Have I written custom code (as opposed to using a stock example script provided in TensorFlow):
OS Platform and Distribution (e.g., Linux Ubuntu 16.04): Debian 3.16.7
TensorFlow installed from (source or binary): source, hash: b1e174e
TensorFlow version (use command below): v1.1.0-rc2-119-gb1e174e 1.1.0-rc2
Bazel version (if compiling from source): 0.4.5-jdk7
CUDA/cuDNN version: CUDA 8.0, cudnn-v5.1
GPU model and memory: Titan X with 12 GiB
Exact command to reproduce: ./tf_multiGPU.py
tensorflow/benchmark version: source, hash: 9165a70
Describe the problem
Recently, we are testing the TensorFlow scalability on multiGPU machines. We use the official scripts provided in the benchmarks using codes from GitHub repository tensorflow/benchmark. We execute the script according to the official website to test the scalability of TensorFlow on the machine equipped with 8 Titan X GPUs. We test the model VGG16 with batch size equaling to 64.

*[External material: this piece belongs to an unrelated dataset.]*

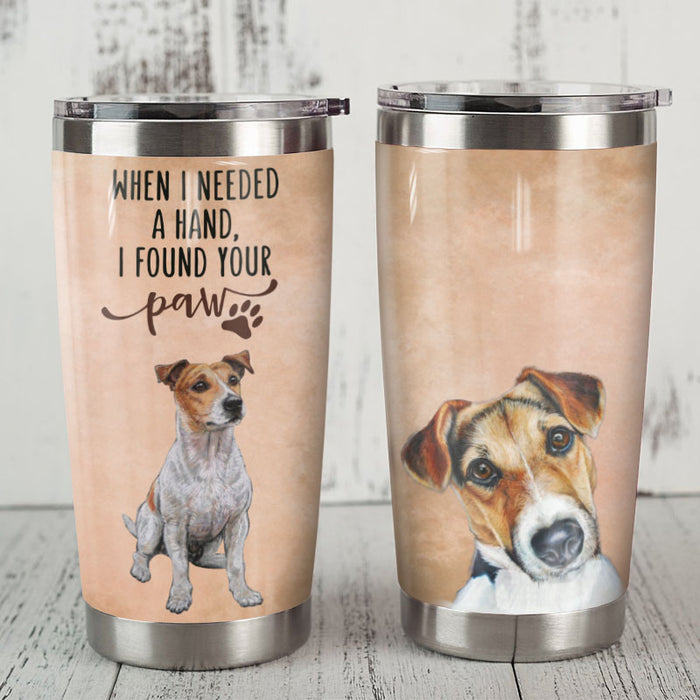 Jack Russell Terrier Dog Steel Tumbler FB0709 69O35 1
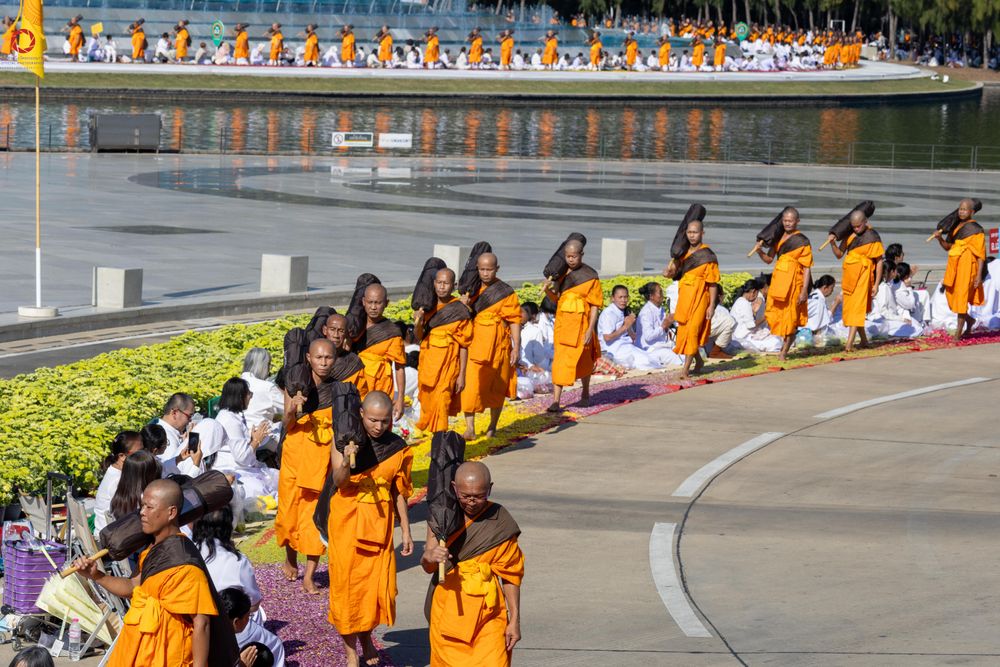 ภาพ No.286935:วันที่ 2 มกราคม พ.ศ.2569 พิธีต้อนรับพระธรรมยาตรา ครั้งที่ 1 (ภาพชุดที่ 2) ณ วัดพระธรรมกาย (วิหารหลวงปู่ - พระมหาธรรมกายเจดีย์)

The results are shown in the following table:
|Num of GPUs||Throughput (images/sec)|
We are surprised to find that the total throughput of 5 GPUs is smaller than 4 GPUs, which means TensorFlow incurs significant overheads when the number of GPU is larger than 4. Because I don’t know whether this performance issue belongs to the tensorflow/tensorflow repository or tensorflow/benchmark repository, I submit this issue here looking forward to the official response. The script for reproducing this issue can be found in Source code/logs section with the results.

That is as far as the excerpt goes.